DE3824743C1 - Process for the production of biotechnological products by solid fermentation - Google Patents

Abstract

Process for the production of biotechnological products by solid fermentation of moist, granulated biomass formed from support composition and from substrate for the microorganisms employed for the fermentation, in which the metabolic products of the microorganisms are taken off by a gas while leaving the moist, granulated biomass at rest in a bed during a phase I, evacuating the tank with a vacuum pump and keeping the biomass under a preset vacuum during a phase II, feeding in the gas at a flow rate above the fluidisation point during a phase III, and repeating phases I to III when the gas has returned to the pressure chosen for phase I.

Description

The invention relates to a method for manufacturing biotechnological products through solid fermentation according to the preamble of claim 1 as it is from O. Moebus, M. Teuber: Der Gas / Fest Fluidized bed bioreactor. Microbiology Forum 9 (4) 187-197 (1986).

Solid fermentations are used in the present Registration viewed all biotechnological implementations, those in moist but still solid particles can be carried out. The scope of the given instructions is still on granular Restricted solid systems that are fluidizable or can be made fluidizable by adding flow agent can.  

For some forms of application in the biotechnological field the technology needs significant improvements. At the ethanolic fermentation z. B. is the removal of the formed ethanol restricted with the exhaust gas, that the gas has only a limited amount of ethanol (and Water) can transport. That means the maximum Yeast formation of ethanol in a fluidized bed fermenter depends on the gas flow. Another limitation concerns the selection of those for the gas / solid fluidized bed fermenter suitable microorganisms. The Application of the fluidized bed technique is generally due to this restricted that at higher gas speeds abrasion on the particles and on the container walls takes place. Of these, especially sensitive microorganisms affected. Hyphogenic mushrooms and in the case of Actinomycetes, abrasion was possible in our own experiments microscopically perfect in the peripheral area of the particles be determined. Practically unaffected only a few yeasts and yeast-like mushrooms remained (e.g. Oospora lactis, Hansenula anomala), of which known is that they contain chitin in their cell wall and may be resistant to abrasion for this reason. A third disadvantage arises from the fact that - especially with slow growing microorganisms in the lag phase - sufficient to operate the fluidized bed Air quantity must be present, but in relation on the supply of oxygen to the microorganisms represents an oversupply.

By installing a stirrer in the bed, the Defects not described above, not even then not if the stirrer is operated in a fixed bed.

The invention is therefore based on the object of a method specify with which - while maintaining the benefits fluidization - solid fermentation  can be carried out so that an abrasion of the particles avoided a discharge of volatile fermentation products not limited by the gas velocity and a better adjustment of the energy requirement for fermentation is made possible.

This object is achieved by the characterizing Part of claim 1 specified Features solved. The subclaims give advantageous Embodiments of the invention.

The invention is described below with reference to a drawing, reproduced in a plant for performing the method is explained in more detail.

The system consists of a fermenter 1 , a wind boiler 2 , a vacuum pump 3 , a quick-closing valve 4 for evacuating the fermenter, a quick-closing valve 5 for gassing the fermenter, a cellular wheel lock 6 for adding solids, and a cellular wheel lock 7 for Harvesting the biomass, a heat exchanger 8 arranged in the fermenter 1 , a distributor element 9 for the fluids, a three-way valve 10 for regulating the temperature in the fermenter with a bypass bridging the heat exchanger, a drain valve 11 , a relief valve 12 and one Inflow tray 13 for the fumigation of the fermenter.

The biomass is also used in a procedure according to the invention fluidized, in contrast to the known fluidized bed process however, the fluidization takes place as Single step of a periodic process in such a way that they are understood as re-gassing a tank can, the active particles before gassing as dormant Contains fill and was previously evacuated.  
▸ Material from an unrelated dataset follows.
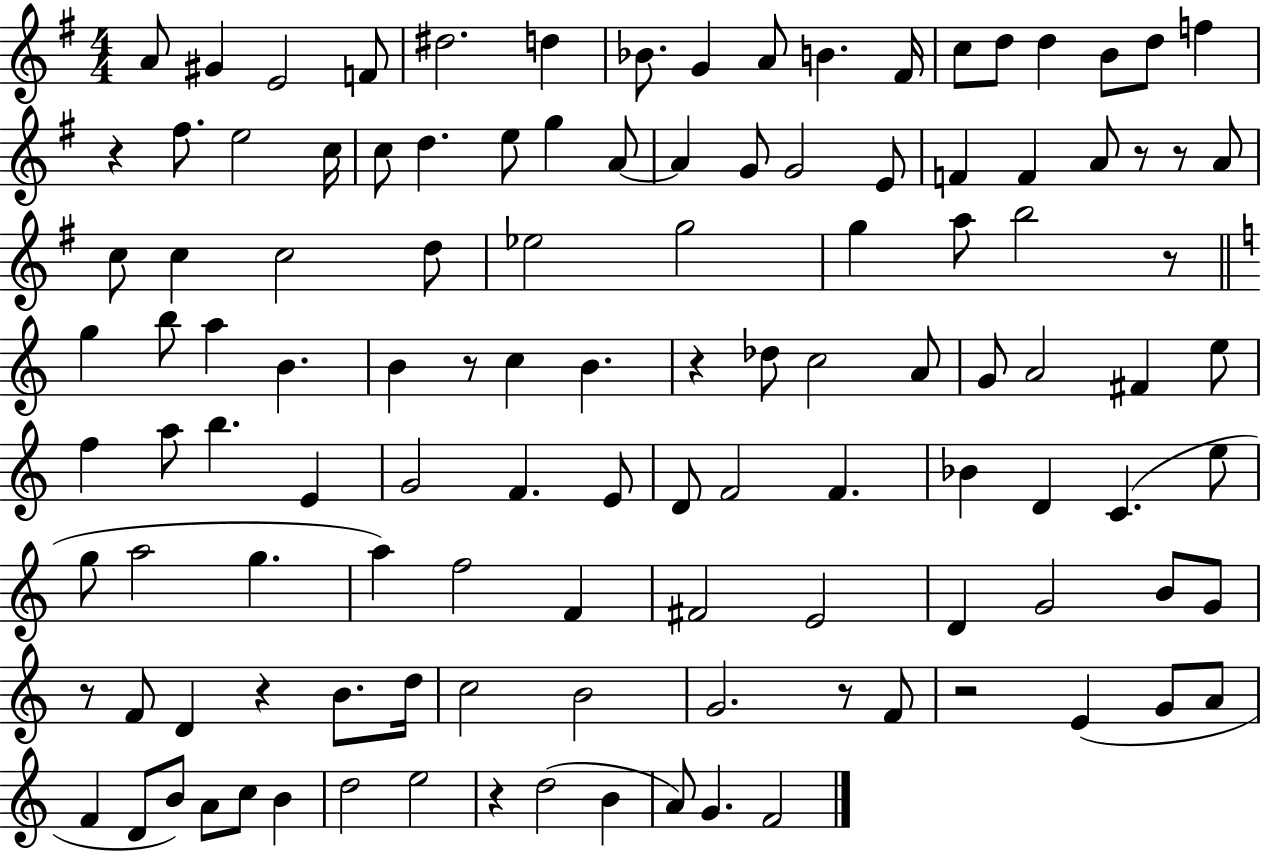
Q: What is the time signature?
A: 4/4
During the fluidization, the quick-closing valve 4 at the fermenter outlet is closed. The second quick-closing valve supplies gas to the fermenter 1 via gas distributors at such a speed that the vortex point is exceeded and fluidization takes place. The gas penetrates the pores of the particles. This effect does not occur in the known fluidized bed. By spreading the pressure, the particles are driven apart until they fill the entire fermenter chamber before then collapsing again into a packed bed. In this way, the particle abrasion is also considerably reduced, in particular also because the period of fluidization is only a fraction of an entire period (period from one fluidization to the next).

The duration of the individual phases is different. Phases I and II are based on Type of fermentation (see examples in Table 2), the phase II is also of the constructive design of the Equipment or the size of the individual units dependent. The duration of phase III is exclusive due to construction.

Since the quick-closing valve 4 and the emptying valve 11 at the fermenter outlet are closed during the fluidization process, the devices, such as filters and separating organs, which are otherwise necessary in fluidized bed technology and catch the discharged particles and return them to the fermenter, are eliminated. In addition, the calming room of this size, which is often generously dimensioned above the fluidized bed, can be omitted. In the proposed method, the fermenter space must be large enough to accommodate the fluidized biomass.

An illustration of the mode of operation for the process shows Table 1. Should the proposed system be used for alcoholic fermentation, so is a Distilling off the ethanol in phase II of the process guaranteed. It works well for this design from the fact that the particles as a result of evaporation lower temperature than that sucked in by the vacuum pump Have vapors so that the environment of the particles is a may have a higher temperature than the microorganisms in aqueous systems can be expected. For vacuum operation a rough vacuum is sufficient with distillation.

Another effect also has a favorable effect on the Process out. During the ethanol / water vapors in a rough vacuum flow through the bed, there is an accumulation of the lower-boiling component ethanol in the Steam, while water prefers the particles remains.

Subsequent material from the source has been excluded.